**Information shown:**

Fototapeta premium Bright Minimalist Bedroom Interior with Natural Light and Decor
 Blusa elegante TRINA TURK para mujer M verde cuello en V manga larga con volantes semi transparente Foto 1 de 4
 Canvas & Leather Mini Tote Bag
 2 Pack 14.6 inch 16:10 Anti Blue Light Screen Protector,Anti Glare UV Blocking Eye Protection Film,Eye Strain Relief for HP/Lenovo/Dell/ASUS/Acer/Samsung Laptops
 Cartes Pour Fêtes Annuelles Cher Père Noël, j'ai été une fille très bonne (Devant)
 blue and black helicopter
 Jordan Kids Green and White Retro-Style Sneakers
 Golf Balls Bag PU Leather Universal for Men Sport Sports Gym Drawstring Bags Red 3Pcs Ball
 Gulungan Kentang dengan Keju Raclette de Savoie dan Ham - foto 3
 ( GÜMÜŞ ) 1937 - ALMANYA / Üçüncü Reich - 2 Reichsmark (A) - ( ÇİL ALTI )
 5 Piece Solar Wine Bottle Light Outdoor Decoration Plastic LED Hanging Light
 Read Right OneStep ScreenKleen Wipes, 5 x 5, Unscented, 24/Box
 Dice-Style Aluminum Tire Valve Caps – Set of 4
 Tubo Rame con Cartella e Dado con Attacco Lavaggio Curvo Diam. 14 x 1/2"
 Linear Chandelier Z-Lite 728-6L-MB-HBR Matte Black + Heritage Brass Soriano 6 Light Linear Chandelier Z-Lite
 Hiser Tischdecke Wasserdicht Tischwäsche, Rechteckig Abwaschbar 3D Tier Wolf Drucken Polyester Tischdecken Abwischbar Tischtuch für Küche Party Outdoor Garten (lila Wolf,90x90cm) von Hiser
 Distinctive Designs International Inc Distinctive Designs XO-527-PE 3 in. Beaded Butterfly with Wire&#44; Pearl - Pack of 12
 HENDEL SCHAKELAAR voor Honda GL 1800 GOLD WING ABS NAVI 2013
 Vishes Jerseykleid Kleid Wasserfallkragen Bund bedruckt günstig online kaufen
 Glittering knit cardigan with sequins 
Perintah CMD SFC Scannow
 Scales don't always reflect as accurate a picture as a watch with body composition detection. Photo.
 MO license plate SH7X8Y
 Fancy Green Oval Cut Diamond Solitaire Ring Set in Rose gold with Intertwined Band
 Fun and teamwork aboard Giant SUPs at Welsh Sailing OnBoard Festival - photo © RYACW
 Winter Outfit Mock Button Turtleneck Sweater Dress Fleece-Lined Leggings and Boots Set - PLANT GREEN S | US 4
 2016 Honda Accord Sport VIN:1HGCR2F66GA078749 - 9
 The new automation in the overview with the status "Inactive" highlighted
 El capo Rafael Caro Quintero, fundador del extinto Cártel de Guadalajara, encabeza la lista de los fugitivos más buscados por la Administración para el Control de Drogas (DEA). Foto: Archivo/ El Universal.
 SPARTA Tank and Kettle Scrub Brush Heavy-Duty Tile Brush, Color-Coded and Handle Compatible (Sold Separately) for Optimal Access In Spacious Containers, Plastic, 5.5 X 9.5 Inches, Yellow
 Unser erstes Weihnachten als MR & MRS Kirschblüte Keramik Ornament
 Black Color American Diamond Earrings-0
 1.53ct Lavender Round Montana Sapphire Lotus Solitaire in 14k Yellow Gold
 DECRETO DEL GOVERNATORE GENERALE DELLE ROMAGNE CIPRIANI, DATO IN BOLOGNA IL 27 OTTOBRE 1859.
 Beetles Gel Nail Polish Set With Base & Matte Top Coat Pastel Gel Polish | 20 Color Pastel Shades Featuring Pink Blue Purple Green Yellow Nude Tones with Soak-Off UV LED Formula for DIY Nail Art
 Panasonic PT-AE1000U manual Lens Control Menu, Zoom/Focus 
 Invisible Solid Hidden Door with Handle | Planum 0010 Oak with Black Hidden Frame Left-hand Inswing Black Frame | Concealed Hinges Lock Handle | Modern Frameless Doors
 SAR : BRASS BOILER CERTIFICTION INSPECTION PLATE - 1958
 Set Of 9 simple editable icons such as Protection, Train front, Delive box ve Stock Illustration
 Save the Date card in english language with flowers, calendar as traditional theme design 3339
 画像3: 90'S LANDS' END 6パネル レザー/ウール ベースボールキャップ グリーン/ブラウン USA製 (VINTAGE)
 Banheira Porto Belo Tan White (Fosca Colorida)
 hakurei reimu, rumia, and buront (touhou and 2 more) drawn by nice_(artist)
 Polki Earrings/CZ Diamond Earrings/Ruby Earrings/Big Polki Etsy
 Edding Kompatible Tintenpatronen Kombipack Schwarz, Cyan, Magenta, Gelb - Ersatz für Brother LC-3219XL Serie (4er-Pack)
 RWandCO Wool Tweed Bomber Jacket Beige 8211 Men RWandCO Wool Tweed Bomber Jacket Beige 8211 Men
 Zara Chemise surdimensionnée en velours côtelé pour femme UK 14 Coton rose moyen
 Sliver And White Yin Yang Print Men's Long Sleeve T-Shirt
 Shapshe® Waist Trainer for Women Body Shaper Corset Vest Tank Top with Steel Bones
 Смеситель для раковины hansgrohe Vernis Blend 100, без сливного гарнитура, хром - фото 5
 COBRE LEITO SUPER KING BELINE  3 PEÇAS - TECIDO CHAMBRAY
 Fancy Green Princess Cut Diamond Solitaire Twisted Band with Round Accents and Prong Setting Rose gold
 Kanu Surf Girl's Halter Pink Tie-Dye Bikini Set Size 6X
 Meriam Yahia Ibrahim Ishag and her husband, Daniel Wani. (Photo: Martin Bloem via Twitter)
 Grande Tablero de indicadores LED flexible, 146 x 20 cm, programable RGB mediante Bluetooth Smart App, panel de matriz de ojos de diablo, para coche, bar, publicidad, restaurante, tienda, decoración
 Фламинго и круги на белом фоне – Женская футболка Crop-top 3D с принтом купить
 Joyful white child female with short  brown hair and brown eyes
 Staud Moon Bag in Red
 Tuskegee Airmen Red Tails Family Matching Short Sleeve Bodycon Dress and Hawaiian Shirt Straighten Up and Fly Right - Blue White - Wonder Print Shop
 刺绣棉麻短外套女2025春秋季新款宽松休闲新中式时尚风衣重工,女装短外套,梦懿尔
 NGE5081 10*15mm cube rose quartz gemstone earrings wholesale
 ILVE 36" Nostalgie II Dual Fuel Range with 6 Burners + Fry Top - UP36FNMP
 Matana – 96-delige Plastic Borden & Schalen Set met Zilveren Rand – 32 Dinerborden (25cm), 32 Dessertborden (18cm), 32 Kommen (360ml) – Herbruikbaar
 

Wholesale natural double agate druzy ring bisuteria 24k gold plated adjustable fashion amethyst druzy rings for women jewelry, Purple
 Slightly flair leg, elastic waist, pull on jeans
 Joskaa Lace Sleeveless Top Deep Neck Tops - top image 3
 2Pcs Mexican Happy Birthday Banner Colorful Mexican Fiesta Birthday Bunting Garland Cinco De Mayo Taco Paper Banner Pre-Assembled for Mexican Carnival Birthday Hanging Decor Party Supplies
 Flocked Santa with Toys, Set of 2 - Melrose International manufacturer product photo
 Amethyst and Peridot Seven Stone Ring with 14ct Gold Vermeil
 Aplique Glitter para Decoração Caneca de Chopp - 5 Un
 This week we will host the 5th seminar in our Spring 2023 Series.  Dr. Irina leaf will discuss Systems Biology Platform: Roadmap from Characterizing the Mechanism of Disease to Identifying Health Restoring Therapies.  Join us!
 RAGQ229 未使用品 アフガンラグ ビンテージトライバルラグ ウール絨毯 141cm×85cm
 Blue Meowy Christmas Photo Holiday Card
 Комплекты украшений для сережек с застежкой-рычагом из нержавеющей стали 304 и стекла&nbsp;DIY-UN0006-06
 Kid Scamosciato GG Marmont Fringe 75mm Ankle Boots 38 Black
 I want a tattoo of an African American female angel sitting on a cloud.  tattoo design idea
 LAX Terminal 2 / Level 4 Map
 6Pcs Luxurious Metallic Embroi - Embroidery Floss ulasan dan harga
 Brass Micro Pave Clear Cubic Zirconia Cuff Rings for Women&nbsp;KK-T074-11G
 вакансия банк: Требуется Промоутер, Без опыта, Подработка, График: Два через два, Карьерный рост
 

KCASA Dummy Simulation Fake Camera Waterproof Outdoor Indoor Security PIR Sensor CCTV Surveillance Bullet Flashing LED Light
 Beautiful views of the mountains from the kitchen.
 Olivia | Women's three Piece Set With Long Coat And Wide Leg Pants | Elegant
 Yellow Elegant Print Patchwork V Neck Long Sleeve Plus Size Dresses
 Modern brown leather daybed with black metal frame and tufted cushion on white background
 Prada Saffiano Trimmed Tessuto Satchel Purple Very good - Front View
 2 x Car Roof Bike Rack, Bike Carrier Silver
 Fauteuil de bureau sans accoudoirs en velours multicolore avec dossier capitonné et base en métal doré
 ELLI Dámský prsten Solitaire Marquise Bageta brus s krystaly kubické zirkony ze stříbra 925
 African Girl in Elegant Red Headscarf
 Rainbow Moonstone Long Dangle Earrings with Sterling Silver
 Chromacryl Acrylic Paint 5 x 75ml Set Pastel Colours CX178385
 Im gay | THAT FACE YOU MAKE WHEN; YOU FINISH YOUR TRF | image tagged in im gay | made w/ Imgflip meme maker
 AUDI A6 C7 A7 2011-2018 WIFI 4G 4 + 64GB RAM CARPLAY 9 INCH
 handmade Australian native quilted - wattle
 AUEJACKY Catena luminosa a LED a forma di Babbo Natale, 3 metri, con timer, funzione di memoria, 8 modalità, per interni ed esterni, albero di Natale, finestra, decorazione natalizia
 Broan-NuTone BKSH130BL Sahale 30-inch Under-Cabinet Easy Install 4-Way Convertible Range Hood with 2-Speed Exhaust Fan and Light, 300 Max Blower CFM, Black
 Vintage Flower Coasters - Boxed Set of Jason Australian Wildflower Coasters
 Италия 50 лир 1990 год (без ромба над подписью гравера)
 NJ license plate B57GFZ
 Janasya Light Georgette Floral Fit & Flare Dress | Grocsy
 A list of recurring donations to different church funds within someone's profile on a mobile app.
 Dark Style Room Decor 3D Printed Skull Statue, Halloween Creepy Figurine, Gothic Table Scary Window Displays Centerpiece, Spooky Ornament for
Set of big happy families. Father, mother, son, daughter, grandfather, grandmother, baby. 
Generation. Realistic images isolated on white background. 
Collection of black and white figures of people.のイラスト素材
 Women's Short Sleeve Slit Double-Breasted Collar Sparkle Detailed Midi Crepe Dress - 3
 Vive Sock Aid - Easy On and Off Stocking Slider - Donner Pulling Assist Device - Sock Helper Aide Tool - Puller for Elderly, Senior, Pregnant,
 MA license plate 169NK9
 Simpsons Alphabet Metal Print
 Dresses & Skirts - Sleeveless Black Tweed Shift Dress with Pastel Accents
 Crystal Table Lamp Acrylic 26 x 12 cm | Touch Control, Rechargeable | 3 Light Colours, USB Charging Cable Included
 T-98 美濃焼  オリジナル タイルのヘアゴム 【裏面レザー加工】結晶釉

**What to produce:** Of all the entries above, retype exactly the lines from the line with "Winter Outfit Mock" to the line with "Invisible Solid Hidden", both included, and no others.

**Answer section:**
 Winter Outfit Mock Button Turtleneck Sweater Dress Fleece-Lined Leggings and Boots Set - PLANT GREEN S | US 4
 2016 Honda Accord Sport VIN:1HGCR2F66GA078749 - 9
 The new automation in the overview with the status "Inactive" highlighted
 El capo Rafael Caro Quintero, fundador del extinto Cártel de Guadalajara, encabeza la lista de los fugitivos más buscados por la Administración para el Control de Drogas (DEA). Foto: Archivo/ El Universal.
 SPARTA Tank and Kettle Scrub Brush Heavy-Duty Tile Brush, Color-Coded and Handle Compatible (Sold Separately) for Optimal Access In Spacious Containers, Plastic, 5.5 X 9.5 Inches, Yellow
 Unser erstes Weihnachten als MR & MRS Kirschblüte Keramik Ornament
 Black Color American Diamond Earrings-0
 1.53ct Lavender Round Montana Sapphire Lotus Solitaire in 14k Yellow Gold
 DECRETO DEL GOVERNATORE GENERALE DELLE ROMAGNE CIPRIANI, DATO IN BOLOGNA IL 27 OTTOBRE 1859.
 Beetles Gel Nail Polish Set With Base & Matte Top Coat Pastel Gel Polish | 20 Color Pastel Shades Featuring Pink Blue Purple Green Yellow Nude Tones with Soak-Off UV LED Formula for DIY Nail Art
 Panasonic PT-AE1000U manual Lens Control Menu, Zoom/Focus 
 Invisible Solid Hidden Door with Handle | Planum 0010 Oak with Black Hidden Frame Left-hand Inswing Black Frame | Concealed Hinges Lock Handle | Modern Frameless Doors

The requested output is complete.